FOR IMMEDIATE RELEASE: August 13, 2018
CONTACT: JOHN DE LOS ANGELES | [email protected] | 650-438-1961

Records Show University of California Spent Hundreds of Millions of Dollars on Contractors Behind Trump’s Controversial Immigration Policies

(OAKLAND, CA) – The University of California’s (UC) largest employee union, AFSCME Local 3299, recently called for UC to stop outsourcing jobs and other services to private contractors who are working with Immigration and Customs Enforcement (ICE) to implement President Trump’s “zero tolerance” and family separation policies.

Between 2011 and 2015, UC spent at least $281 million on staffing, maintenance, and other services from companies currently under contract with ICE, according to the University’s vendor reports. While the University has yet to fully disclose its 2016-2018 reports, additional data shows that several ICE collaborators remain under contract at UC.

The public outcry comes as a growing number of high-profile figures and organizations have faced scrutiny for their links to controversial policies that have been called everything from state sanctioned child abuse to humanitarian crisis.

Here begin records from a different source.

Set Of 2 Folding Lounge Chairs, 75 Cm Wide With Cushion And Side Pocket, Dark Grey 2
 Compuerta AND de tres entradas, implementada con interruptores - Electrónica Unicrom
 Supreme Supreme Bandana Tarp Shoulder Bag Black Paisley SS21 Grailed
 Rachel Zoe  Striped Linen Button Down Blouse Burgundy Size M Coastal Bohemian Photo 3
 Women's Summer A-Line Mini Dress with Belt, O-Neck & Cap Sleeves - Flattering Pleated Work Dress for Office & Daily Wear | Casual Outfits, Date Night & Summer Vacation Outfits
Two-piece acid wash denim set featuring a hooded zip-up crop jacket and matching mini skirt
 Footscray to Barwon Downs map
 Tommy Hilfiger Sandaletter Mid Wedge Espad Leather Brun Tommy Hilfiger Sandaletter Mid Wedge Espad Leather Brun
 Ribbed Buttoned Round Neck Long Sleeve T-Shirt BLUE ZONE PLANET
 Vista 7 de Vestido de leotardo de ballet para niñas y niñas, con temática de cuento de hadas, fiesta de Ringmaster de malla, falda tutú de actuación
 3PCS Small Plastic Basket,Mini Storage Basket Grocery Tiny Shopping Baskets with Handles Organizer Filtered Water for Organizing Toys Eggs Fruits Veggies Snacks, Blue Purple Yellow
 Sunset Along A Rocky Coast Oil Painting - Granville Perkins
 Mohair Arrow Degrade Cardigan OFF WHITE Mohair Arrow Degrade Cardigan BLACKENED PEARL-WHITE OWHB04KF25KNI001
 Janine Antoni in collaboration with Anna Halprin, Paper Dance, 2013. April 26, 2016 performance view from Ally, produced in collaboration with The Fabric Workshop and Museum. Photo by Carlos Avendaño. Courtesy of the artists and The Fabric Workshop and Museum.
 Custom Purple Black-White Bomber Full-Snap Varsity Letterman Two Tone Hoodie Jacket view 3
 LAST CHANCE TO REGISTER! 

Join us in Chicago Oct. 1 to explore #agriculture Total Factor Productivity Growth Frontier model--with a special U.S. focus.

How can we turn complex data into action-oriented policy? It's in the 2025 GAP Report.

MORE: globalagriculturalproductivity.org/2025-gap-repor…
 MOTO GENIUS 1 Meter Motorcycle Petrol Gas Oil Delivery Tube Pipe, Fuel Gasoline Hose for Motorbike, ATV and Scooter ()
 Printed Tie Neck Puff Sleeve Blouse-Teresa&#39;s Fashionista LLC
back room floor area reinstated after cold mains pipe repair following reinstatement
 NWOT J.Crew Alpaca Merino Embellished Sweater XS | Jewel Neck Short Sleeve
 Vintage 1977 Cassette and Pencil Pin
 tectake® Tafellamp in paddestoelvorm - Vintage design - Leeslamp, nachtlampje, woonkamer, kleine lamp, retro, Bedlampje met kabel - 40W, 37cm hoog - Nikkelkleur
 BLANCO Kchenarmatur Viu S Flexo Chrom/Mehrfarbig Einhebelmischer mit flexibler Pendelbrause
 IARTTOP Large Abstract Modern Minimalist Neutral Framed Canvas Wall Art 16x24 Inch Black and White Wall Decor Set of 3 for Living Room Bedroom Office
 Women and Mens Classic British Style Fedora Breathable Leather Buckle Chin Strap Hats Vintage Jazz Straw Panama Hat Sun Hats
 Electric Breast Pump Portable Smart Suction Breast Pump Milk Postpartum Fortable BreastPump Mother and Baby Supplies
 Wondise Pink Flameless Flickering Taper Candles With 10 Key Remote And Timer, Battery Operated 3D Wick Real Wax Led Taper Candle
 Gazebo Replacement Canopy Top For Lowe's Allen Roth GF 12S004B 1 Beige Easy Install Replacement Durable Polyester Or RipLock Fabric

UC President Janet Napolitano has called them a “misallocation of resources.”

“Is UC President Janet Napolitano going to stand up to Trump’s deportation force, or enrich it,” asked AFSCME Local 3299 President Kathryn Lybarger. “This is a fundamental question of leadership and morality, and she can’t have it both ways.”

Roughly 53,000 workers at the University even went on strike in May over growing concerns about outsourcing at UC—which recent research revealed is likely contributing to widening income, racial, and gender gaps amongst the University’s lowest paid and most vulnerable workers.

Specifically, between 1996 and 2015, UC saw a 37 percent drop in the African American share of its service workforce, and surveys show that those same workers are now more likely to be employed by lower-wage outsourcing companies that contract with UC for the same exact work.

“UC outsources jobs to ICE collaborators for the same reason that ICE does,” stated Maricruz Manzanarez, AFSCME Local 3299’s Immigration Committee Chair. “They want to pay their workers less. And most of those workers—like the families being ripped apart and detained by ICE—are immigrants and people of color.”

A formal request for UC to withdraw from agreements with companies profiting from Trump’s zero tolerance policy was delivered in late July. President Napolitano has yet to respond.

“If Napolitano is sincere about pioneering a better future for Californians and fighting the humanitarian crisis that’s exploding on our southern border, she should use the best tool at her disposal: UC’s purchasing power,” Lybarger added.